Be outside. Embrace solitude. See with fresh eyes. Write. These are tools of my studio practice, actions that come before and in conjunction with the application of paint, habits that inform the work. Alongside my sketchbooks are dictionaries, both old and new, and an assortment of journals for thoughts, lists, random words that intrigue me. Often the title of a painting comes first, then the concept, with brushes and paint last.

The core of the work? Beauty, order, harmony.

Lon Michels

The son of a fifth generation stone mason, Lon Michels learned perspective from his fathers work. Michels grew up in the small Midwestern town of Marquette, Wisconsin and followed his mother’s artistic lead early on. “I remember that she would throw flowers in a pattern across the floor and then make paintings of them”. After graduating from Ripon College he moved to New York City as a working artist. His breakthrough occurred when he was hired by the late sculptor Louise Nevelson, with whom he worked as a studio assistant for 5 years.

In my lifetime I have learned that the best way to grow and learn is to share your experiences with others. In order to obtain knowledge I believe one must be able to give freely, which is a simple essence that all true artists do.

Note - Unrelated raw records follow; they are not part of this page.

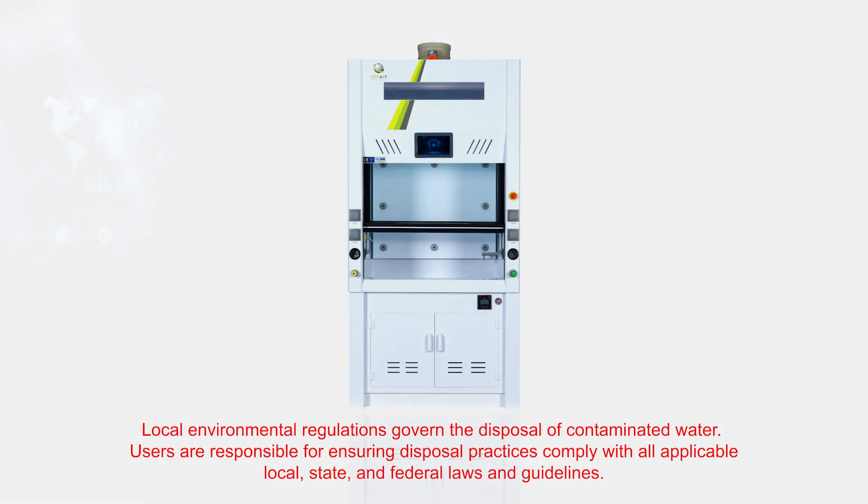Disposing of the contaminated water produced by the scrubber system is subject to local environmental regulations. Users are responsible for ensuring disposal practices comply with all applicable local, state, and federal laws and guidelines.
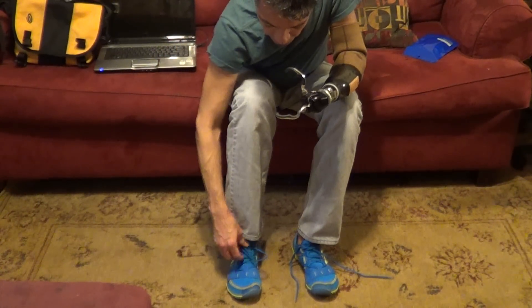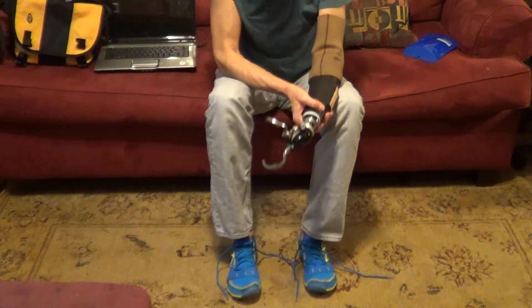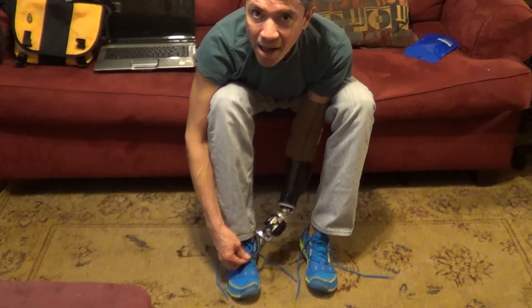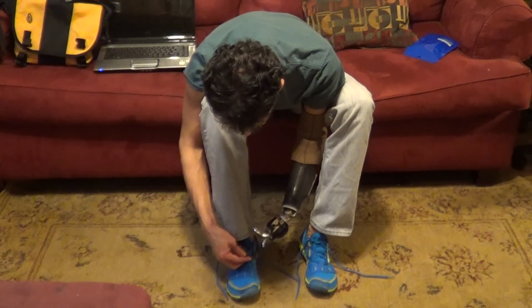Let me untie this shoe. Okay, when I go down, I'm having the problem here. I've got like some kind of mental block or something, or my muscles are tired.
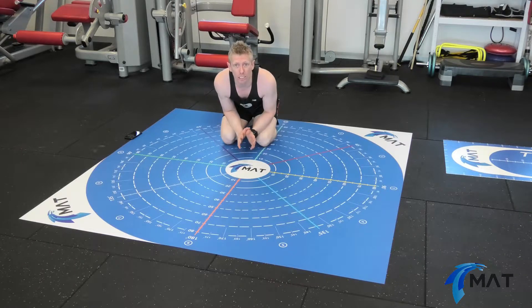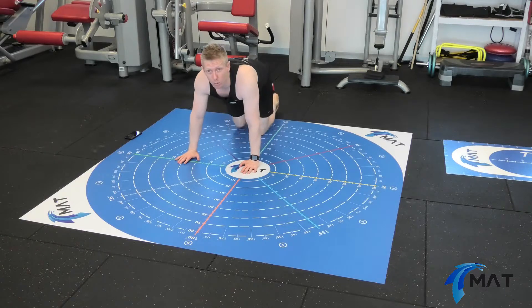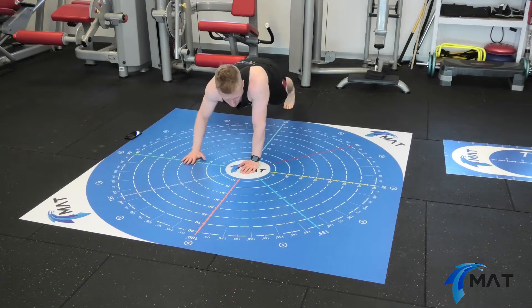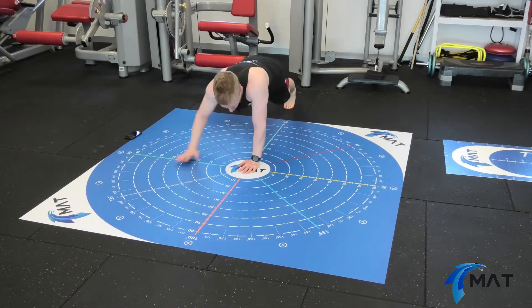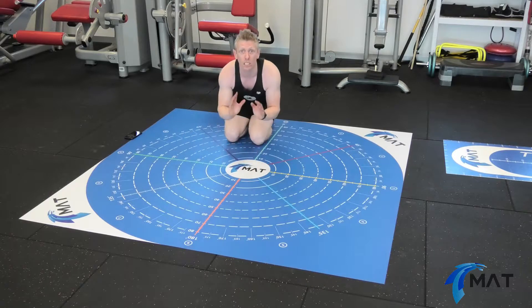We're going to have a look at the closed knee chain upper extremity test to set some baseline data that we're going to track over time utilising the mat. Using the MegaMat, I'm going to adopt a push-up position, feet hip-width apart, and I'm going to perform the upper quarter wide balance test. I'm going to reach in all three directions and take an average of three reaches in those directions.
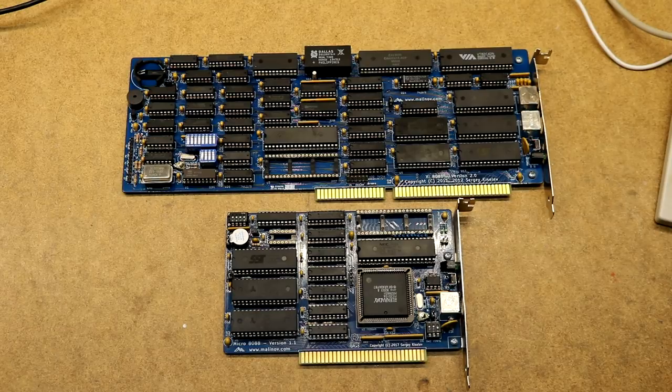A couple of other things to quickly mention about the Micro 8088. It does have a data buffer attached to the memory chips — rather than putting the two memory chips directly on the ISA bus, they're behind a buffer. I found in my experimentation with the XI 8088 that putting memory behind a buffer did improve stability, so I'm glad to see that buffering is present on the Micro 8088. It also has pull-ups on the data bus, which is another thing I found helped improve stability in my retro computer build.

I have had many great teachers in my life, including my professors at Ripon College and more recently the University of Wisconsin Madison. I was also greatly influenced by the working with Louise Nevelson and Mark Kostabi in New York City. These teachers and their methods to educate myself has made my life experiences not only as an artist but also as a human being.

As an artist I want to create timelessness, a presence…I approach each piece as if it were a true masterpiece that catches the twinkle in my eye as if it were going to be placed in a museum.

Mary Dickey (Mixed Media)

The pieces you see here are done in a technique called “bricolage” which is french meaning “something constructed from a diverse range of available things.”

As with most of my work, the pieces begin with a found object.  It might be an antique china plate, a piece of lace,  an intriguing porcelain doll or shells and sealife from my collection.

I love the idea of giving old things a beautiful new beginning.